Wholesaling vs. Retailing
Difference Between Wholesaling And Retailing
Wholesaling activities involve selling products and services to those businesses which buy for resale or to organizations that buy for their own use. Wholesalers may be divided into three categories:
1. Merchant wholesalers (wholesale merchants, industrial distributors, cash-and-carry wholesalers, drop shippers, and rack jobbers) are independent businesses that take title to the merchandise that they handle.
2. Functional middlemen (brokers, manufacturer agents, selling agents, purchasing agents, and commission merchants) are independent businesses that do not take title to the merchandise they handle and generally perform only a few wholesaling functions.
3. Cooperatives (producer sponsored, retailer sponsored) and other vertically integrated institutions (manufacturer sales branches, manufacturer sales offices) are partially or fully owned by producers or retailers who perform wholesaling functions.
Wholesalers provide value to the distribution process by addressing the complex task of coordinating production and buying. Their role has evolved largely because of the great differences—in size, needs, business orientation, and geographic location—between manufacturing and retailing. In essence, wholesaling exists because it adds efficiency and effectiveness to the distribution process, though the specific practices vary from industry to industry.
Retailing is the selling of finished products and services to the consumer for personal or household consumption. Any individual or organization that sells to the public—whether through a store; by mail order or other forms of direct marketing, vending machine, or the Internet; or through in-home presentations—is in retailing. Wal-Mart Stores, McDonald’s, the Exxon Mobil Corporation, Blockbuster, Tupperware, Amazon.com, Spiegel, Avon, and street vendors are all retailers.
Aspects of Retailing
Retailers facilitate the buying process from producer to consumer by serving as buying agents for the public, locating and selecting merchandise, setting prices and providing services, and consummating exchanges. As the final link between producers and consumers, retailers must follow closely any changes in consumer lifestyles, demand, and buying processes for the products and services that they sell.

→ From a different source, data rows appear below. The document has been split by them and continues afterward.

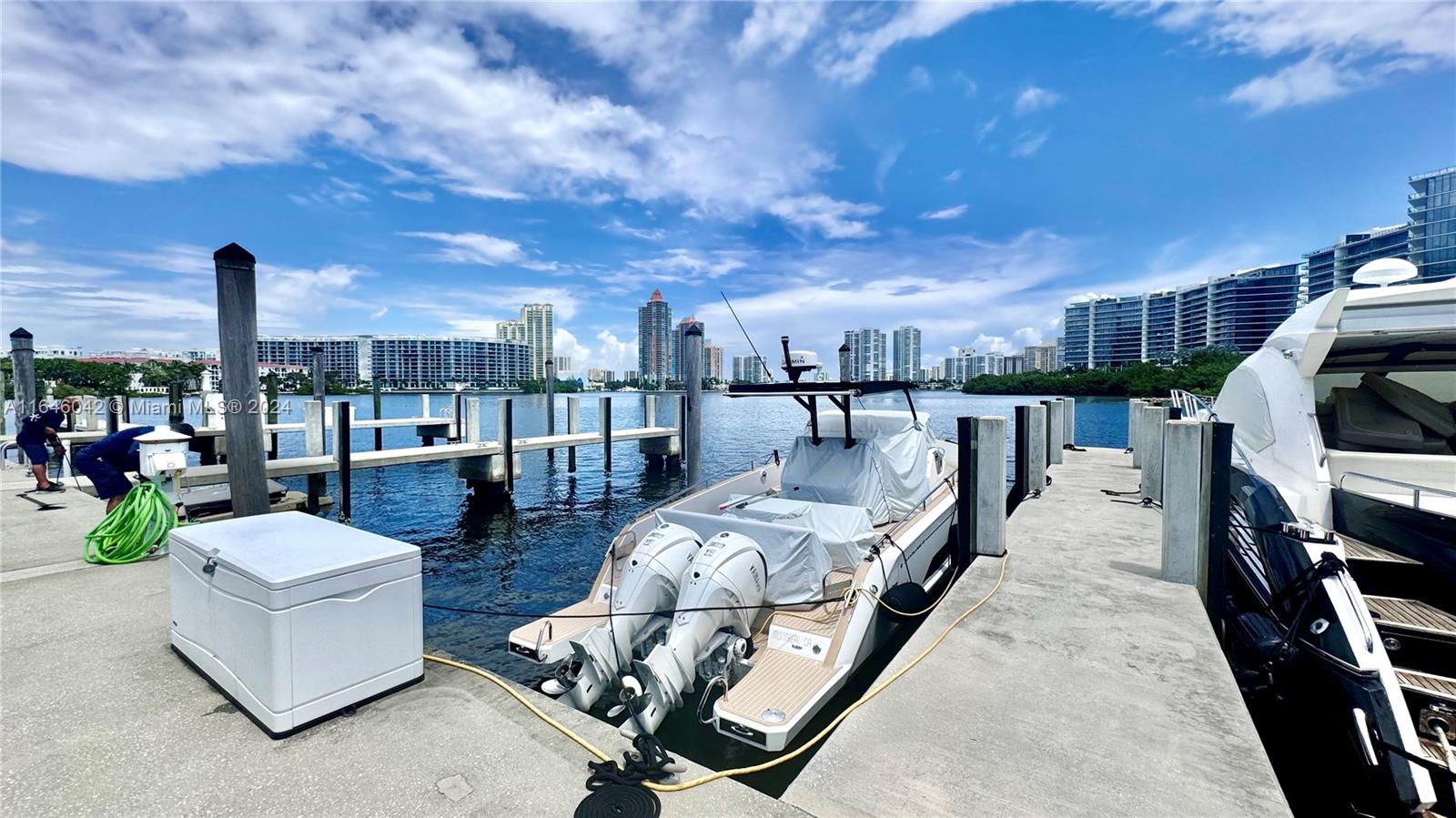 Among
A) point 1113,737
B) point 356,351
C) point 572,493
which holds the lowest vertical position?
point 572,493

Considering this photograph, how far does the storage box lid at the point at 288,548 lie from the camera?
2.86 metres

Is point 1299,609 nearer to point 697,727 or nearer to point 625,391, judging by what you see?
point 697,727

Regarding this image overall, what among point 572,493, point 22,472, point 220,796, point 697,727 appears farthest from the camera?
point 572,493

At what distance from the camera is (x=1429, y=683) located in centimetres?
343

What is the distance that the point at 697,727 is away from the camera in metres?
4.66

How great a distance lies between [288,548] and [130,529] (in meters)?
4.22

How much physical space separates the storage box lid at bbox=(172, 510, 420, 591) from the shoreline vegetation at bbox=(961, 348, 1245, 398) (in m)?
46.1

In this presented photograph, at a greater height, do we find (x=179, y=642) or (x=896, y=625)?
(x=179, y=642)

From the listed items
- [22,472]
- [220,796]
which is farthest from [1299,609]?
[22,472]

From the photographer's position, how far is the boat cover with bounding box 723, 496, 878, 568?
218 inches

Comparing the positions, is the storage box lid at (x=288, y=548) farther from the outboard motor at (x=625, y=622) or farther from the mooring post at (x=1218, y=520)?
the mooring post at (x=1218, y=520)

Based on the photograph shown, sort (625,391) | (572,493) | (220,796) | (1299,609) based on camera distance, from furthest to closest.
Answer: (625,391) → (572,493) → (1299,609) → (220,796)

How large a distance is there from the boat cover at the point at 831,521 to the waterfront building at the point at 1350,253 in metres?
62.3

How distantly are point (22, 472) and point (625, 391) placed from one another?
429 feet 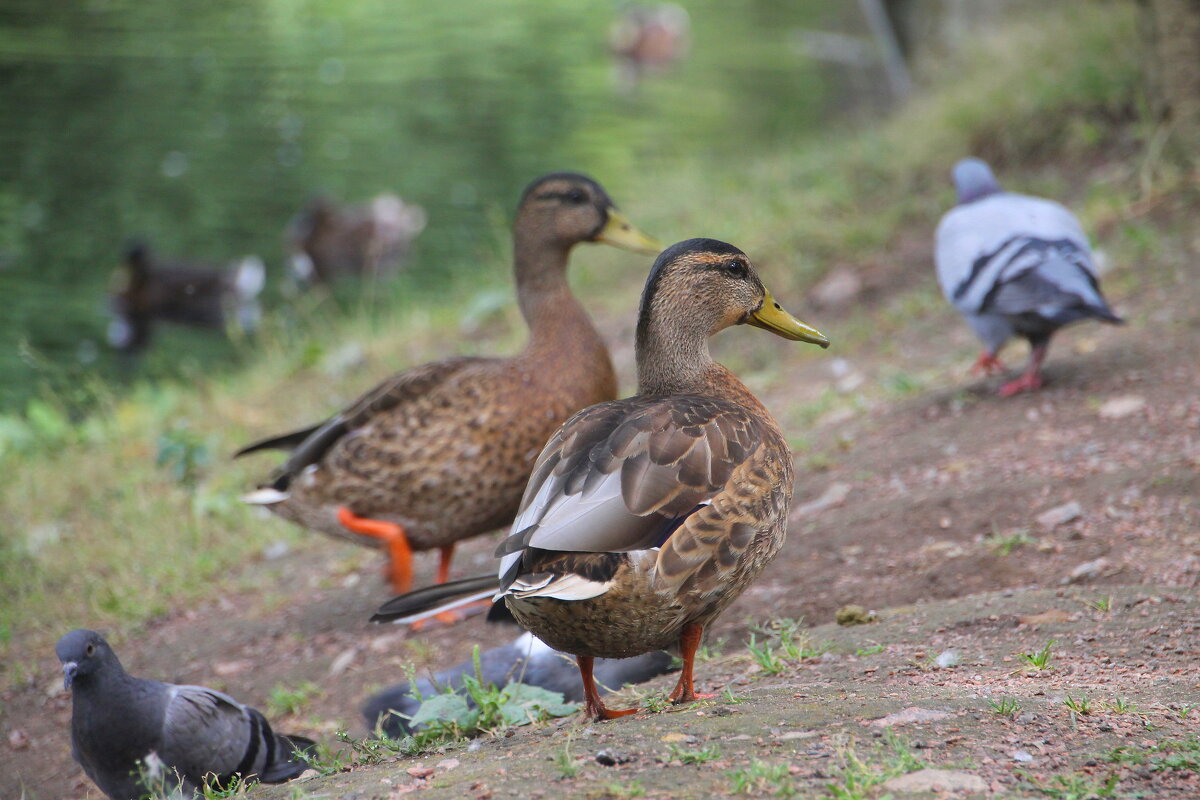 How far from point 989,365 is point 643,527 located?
3453 millimetres

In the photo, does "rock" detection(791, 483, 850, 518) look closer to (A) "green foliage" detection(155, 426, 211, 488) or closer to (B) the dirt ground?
(B) the dirt ground

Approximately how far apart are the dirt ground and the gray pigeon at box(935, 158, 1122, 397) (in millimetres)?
320

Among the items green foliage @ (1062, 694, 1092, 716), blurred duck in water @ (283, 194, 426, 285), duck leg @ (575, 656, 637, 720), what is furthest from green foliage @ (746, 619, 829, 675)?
blurred duck in water @ (283, 194, 426, 285)

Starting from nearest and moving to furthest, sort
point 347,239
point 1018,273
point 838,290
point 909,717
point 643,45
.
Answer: point 909,717 < point 1018,273 < point 838,290 < point 347,239 < point 643,45

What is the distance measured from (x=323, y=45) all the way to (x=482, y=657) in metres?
16.7

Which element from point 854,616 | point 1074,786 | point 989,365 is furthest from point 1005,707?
point 989,365

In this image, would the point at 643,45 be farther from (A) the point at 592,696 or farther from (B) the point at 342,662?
(A) the point at 592,696

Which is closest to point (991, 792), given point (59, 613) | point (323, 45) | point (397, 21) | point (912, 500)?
point (912, 500)

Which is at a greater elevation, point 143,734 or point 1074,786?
point 1074,786

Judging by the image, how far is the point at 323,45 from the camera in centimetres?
1912

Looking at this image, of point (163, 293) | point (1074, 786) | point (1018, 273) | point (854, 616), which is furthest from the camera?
point (163, 293)

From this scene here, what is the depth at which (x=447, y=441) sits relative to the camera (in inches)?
188

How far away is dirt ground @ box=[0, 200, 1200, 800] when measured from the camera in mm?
2627

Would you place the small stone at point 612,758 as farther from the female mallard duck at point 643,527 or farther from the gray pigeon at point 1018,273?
the gray pigeon at point 1018,273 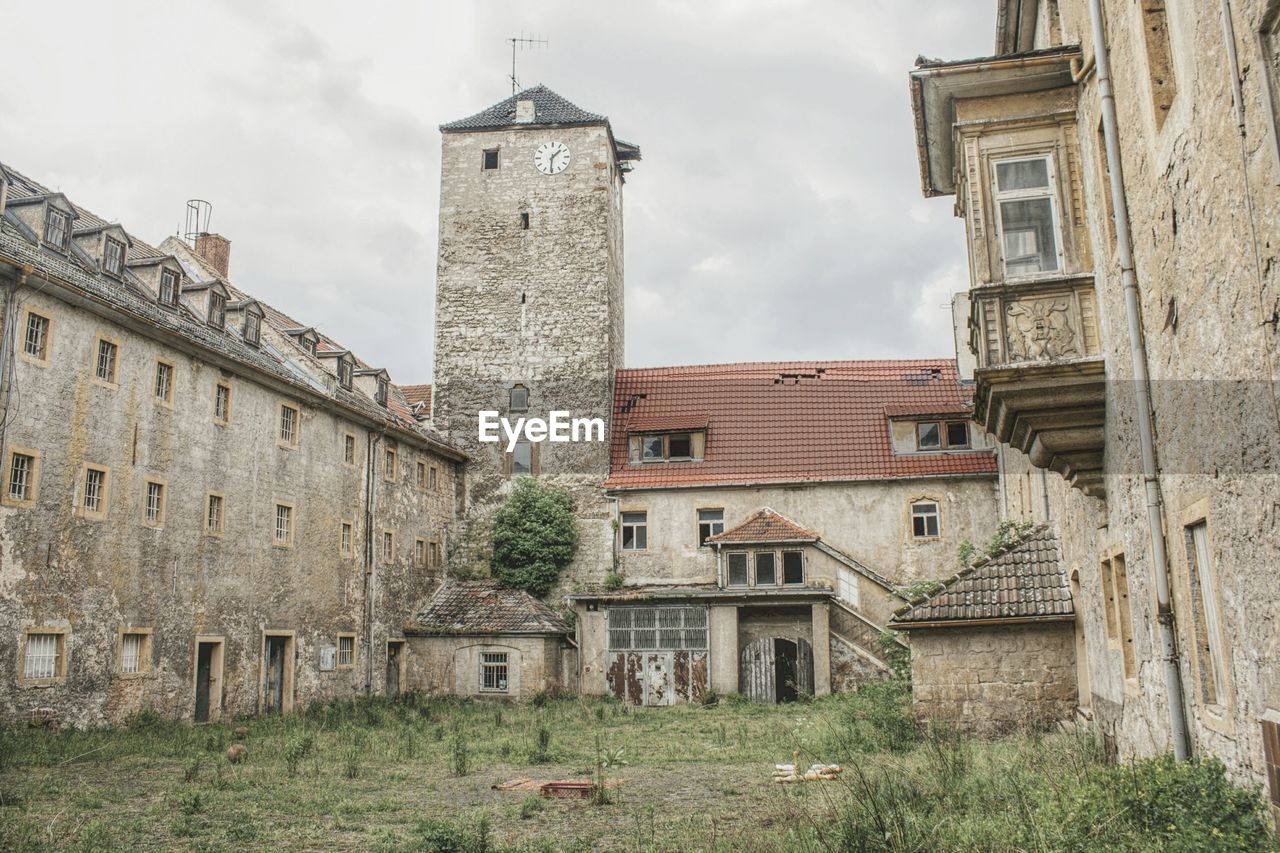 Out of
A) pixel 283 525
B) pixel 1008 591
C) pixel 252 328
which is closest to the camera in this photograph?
pixel 1008 591

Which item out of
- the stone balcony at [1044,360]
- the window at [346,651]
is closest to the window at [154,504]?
the window at [346,651]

There is great variety and dynamism in the retail structure of the United States and other highly developed countries. It is common for retailers to experiment with merchandise categories not typically associated with their retail institution. This “scrambled merchandising” approach and the evolution of retail forms broaden competition outside traditional retail institutions and make categorization of retailers imprecise. However, retailers experience their most direct competition within their institutional form. Major retail institutions may be grouped into store retailers (department stores, specialty stores, discount stores, supermarkets, convenience stores, and off-price retailers) and nonstore retailers (mail order, direct selling, and automated merchandising machines). The Internet, television home-shopping networks, and “infomercials” (television sales programs promoting a single product) are three nonstore approaches that have gained prominence in recent years.